Die Antragstellerin begehrt nach dem Rechtsanwaltsvergütungsgesetz (RVG) als beigeordnete Rechtsanwältin eine höhere Rechtsanwaltsvergütung aus der Landeskasse

Der spätere Mandant der Antragstellerin, der laufende Leistungen zur Sicherung des Lebensunterhalts bezog, stellte bei dem Grundsicherungsträger einen Antrag auf Übernahme der Kosten einer Einzugsrenovierung, der mit einem Bescheid 19. November 2013 abgelehnt wurde. Daraufhin beauftragte der Mandant die Antragstellerin mit der Wahrnehmung seiner Interessen. Den von ihr am 19. Dezember 2013 eingelegten Widerspruch wies der Grundsicherungsträger mit einem Widerspruchsbescheid vom 10. Februar 2014 zurück. Hiergegen hat die Antragstellerin am 10. März 2014 für ihren Mandanten bei dem Sozialgericht Berlin mit einem vierseitigen Schriftsatz Klage erhoben (S 156 AS 6057/14). Dem gleichzeitig gestellten Antrag auf Gewährung von Prozesskostenhilfe unter Beiordnung der Antragstellerin, der am 9. April 2014 mit der Vorlage der Erklärung über die persönlichen und wirtschaftlichen Verhältnisse vervollständigt wurde, gab das Sozialgericht durch Beschluss vom 16. Juli 2015 mit Wirkung ab dem 9. April 2015 statt. Die Antragstellerin erhielt aus der Landeskasse einen Vergütungsvorschuss in Höhe von 380,80 EUR.

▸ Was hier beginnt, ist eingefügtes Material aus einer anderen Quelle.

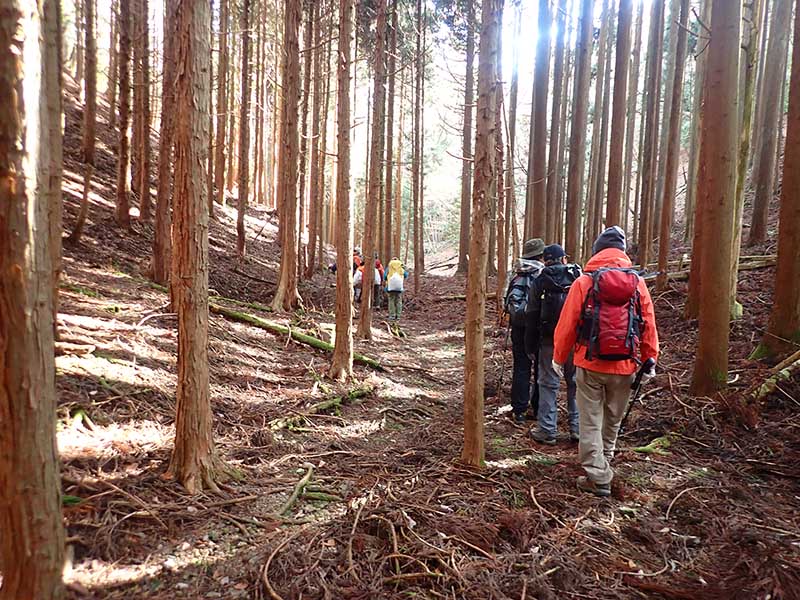 9.�A�ђn������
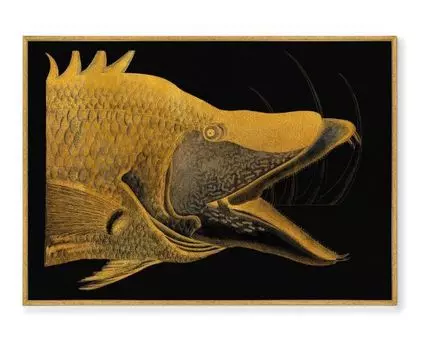 Репродукция картины на холсте Great Hog-Fish, 1754г. (мультиколор, золотистый, 75)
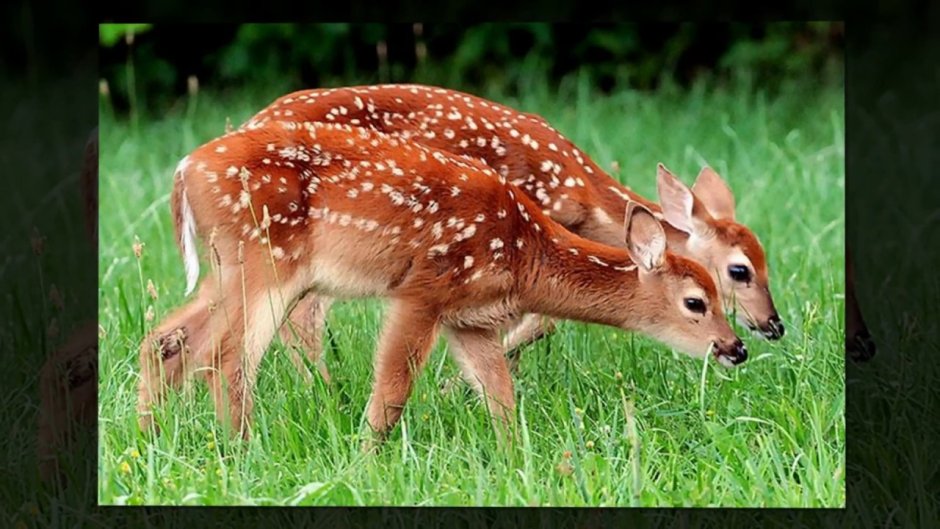 Кабанята Ленинградской области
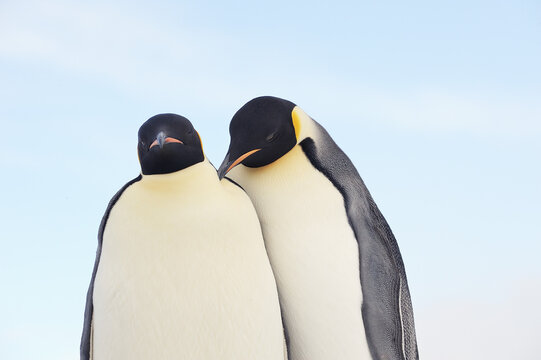 Emperor Penguins, Snow Hill Island, Antarctic Peninsula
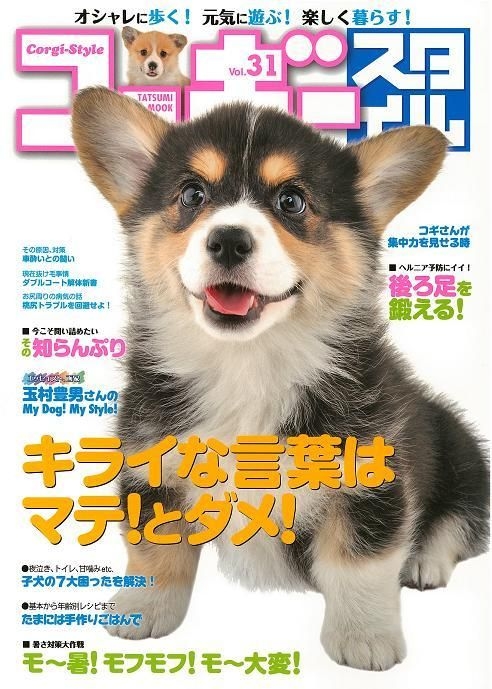 Yesasia Corgi Style Vol 31 日文書籍 郵費全免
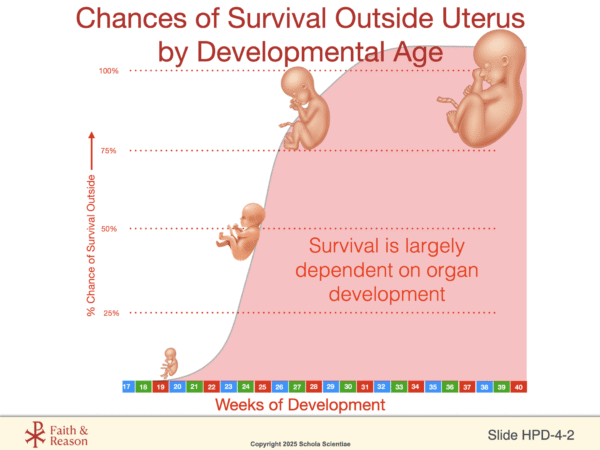Human Prenatal Development Extension: Fetal Pig Dissection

Im Erörterungstermin vom 21. Juli 2016, der von 10.51 Uhr bis 11.27 Uhr dauerte, beendeten die Beteiligten das Verfahren durch einen Vergleich, der unter anderem beinhaltete, dass der Grundsicherungsträger drei Viertel der Kosten des Vorverfahrens erstatten sollte. Die Antragstellerin, die keine Gebühren im Wege der Beratungshilfe erhalten hatte, machte für das Vorverfahren bei dem Grundsicherungsträger folgende Gebühren geltend:

Geschäftsgebühr

Nr. 2302 VV RVG

300,00 EUR

Post- und Telekommunikationspauschale

Nr. 7002 VV RVG

20,00 EUR

Abzug von einem Viertel

- 80,00 EUR

Zwischensumme

240,00 EUR

Umsatzsteuer

Nr. 7008 VV RVG

45,60 EUR

Gesamtsumme

285,60 EUR

Diese Rechnung wurde von dem Grundsicherungsträger mit Schriftsatz vom 18. Juli 2017 anerkannt und beglichen.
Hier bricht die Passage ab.